Because it is about a game that's my all-time favorite when it comes to
numeric-only I/O, and can (arguably) be viewed as the ultimate benchmark
that sets apart computers from calculators. Yes, Bulls and Cows return, now
on the programmable financial HP 12C I told you about in the previous post.
If you just want a short form listing, the setup and the gameplay rules, this
game has already been published in my HP 12C software collection text
document ([1]) under the name "SlowMoo12". But I assume everyone who's been
reading my phlog for some time already knows how to play Bulls and Cows.

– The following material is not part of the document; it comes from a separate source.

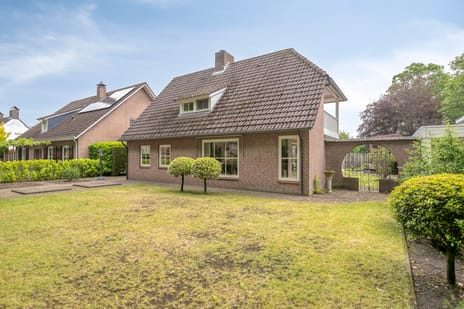 Vondellaan thumbnail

Today, I want to discuss all the technical challenges that I had to overcome
in order to fit it into 99 program steps of a not very advanced instruction
set, with just the seven main registers and the five financial registers
left at my disposal. At some moments, the mission felt impossible but I
still managed to accomplish it. Let's talk about how and then get to why.
But first, let's break down the design of the game itself on the high level.
Any Bulls and Cows session with a computer consists of two parts: one where
the computer generates a random number and one where the player tries to
guess the generated number. What do we know about the first part? Well, we
know two requirements: the generated number must contain four decimal digits
(and can start with 0) and all digits must be unique. So, we need to
generate a digit, check if it hasn't already been used and append (or
prepend, doesn't matter) it to the number if it hasn't been used yet. How do
we check for uniqueness? This is where the first challange comes.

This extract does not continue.